Companies like Apple could start offering individual TV shows for purchase as well. Instead of paying for the whole TV app subscription, you could pay for individual shows to the tune of $1 per show, theoretically. We’re already seeing a version of this come to fruition with iTunes purchases, but it could progress even further to offer new shows unaffiliated with major networks. This would be the ultimate version of a-la-carte TV.
The Problem with TV Apps
A huge problem with app-based viewing is that, at some point, there will be too many options flooding the market. With the extraordinary success of Netflix, many other companies are pushing their way into the streaming TV market. Disney announced that they will be launching two separate streaming services in 2019: a kids-oriented movie and TV service and an ESPN sidekick service. Rather than cooperating with the services already in place, simply put, entertainment companies not only want to control profits from the creation of their content, but also control the distribution of the content as well.
The first problem is that it will be harder to find the things you want to watch. Instead of Netflix being able to purchase streaming rights and aggregate content from multiple networks, you’ll have each company or network create their own service. If you want to watch a specific show like Better Call Saul, Homeland, or The Expanse, you shouldn’t have to wade through each individual app (AMC, Showtime, and Syfy) in order to access it. This is what people love about Netflix.
The second problem is the price of all of these streaming TV apps will add up. An average cable bill is about $103 a month, whereas Netflix is about $10 a month. But if you go from having two subscribed services to about 10, it’s safe to assume you are paying just as much or more for apps as you did for cable.
What’s the biggest problem with TV apps? The most popular content on leading TV apps are from broadcast TV networks. Take a look at your Netflix and you’ll see that most shows you come across are from traditional TV. Even though original content from TV apps or streaming services is certainly up-and-coming, it still has a much more difficult time getting promoted than traditional TV content. New network TV shows can easily be cross-promoted with similar shows on network television to create new audiences.
Of course, the battle between apps and networks isn’t a zero-sum game. In 2015, the first couple episodes of The Expanse were released on YouTube and other streaming sites before officially premiering a few weeks later. This tactic generated a lot of buzz and showed how TV can easily leverage internet platforms, even if streaming services still have a difficult time leveraging traditional TV.
A New Challenge
The challenges for content creators are how to make better content, how to share the content, and how to make money from the content. The future of TV may or may not be apps. Currently, TV apps generally act as a gateway to the broadcast content many people still seek.

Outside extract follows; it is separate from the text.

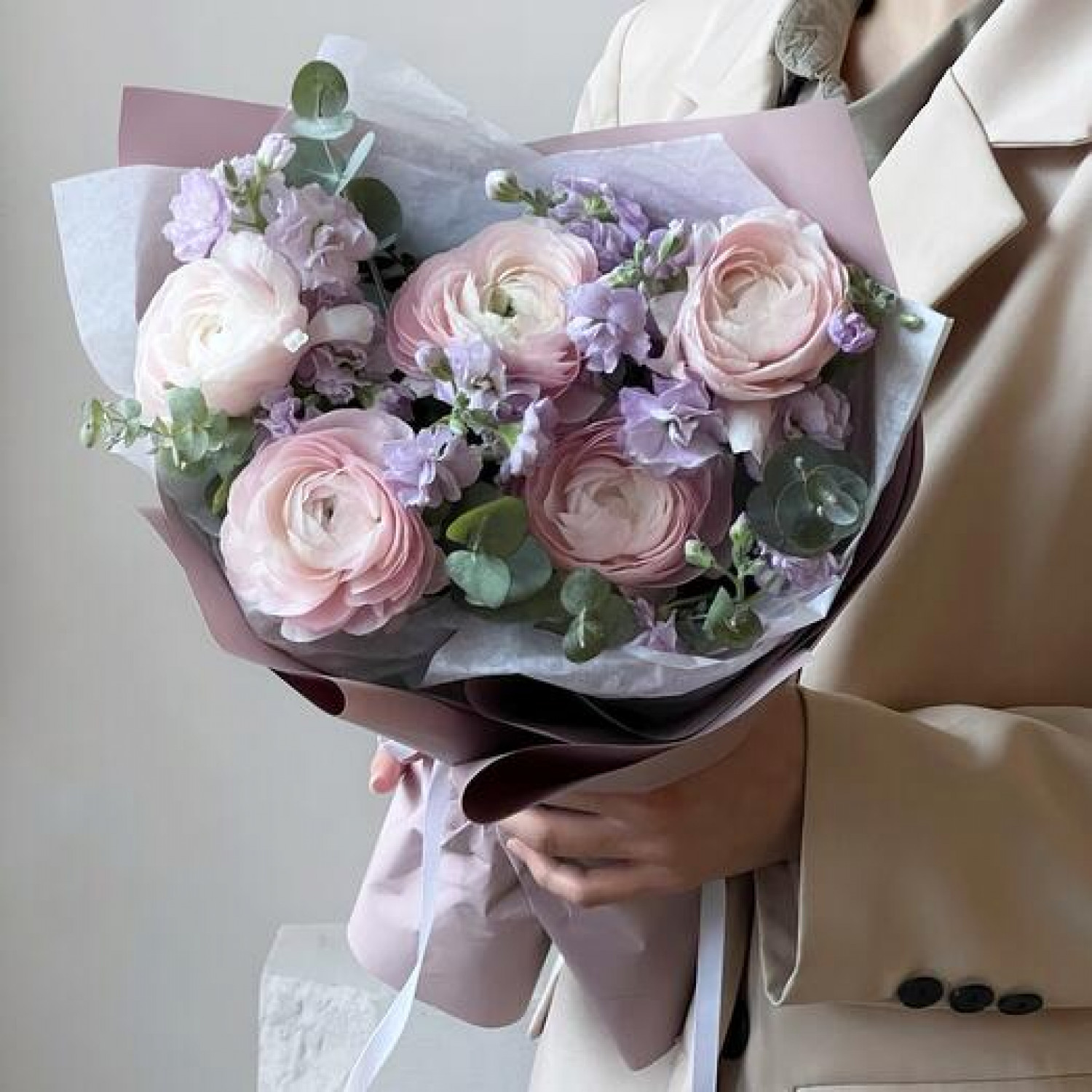 Авторский букет в нежной гамме с ранункулюсом 100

As a general rule, the future of TV will be quality content across the board.
As the traditional TV model fades away, new opportunities in the video medium will emerge. Shows can become interactive, they can be displayed across multiple screens, there may be no need for commercials, and they can be shared instantly across social media. In other words, their quality rise will be necessity. Billions of new devices will be connected to the internet by 2020. That means more demand for engaging and quality content that is easily accessible. TV apps may provide options, but ultimately they will muddle an already saturated playing field.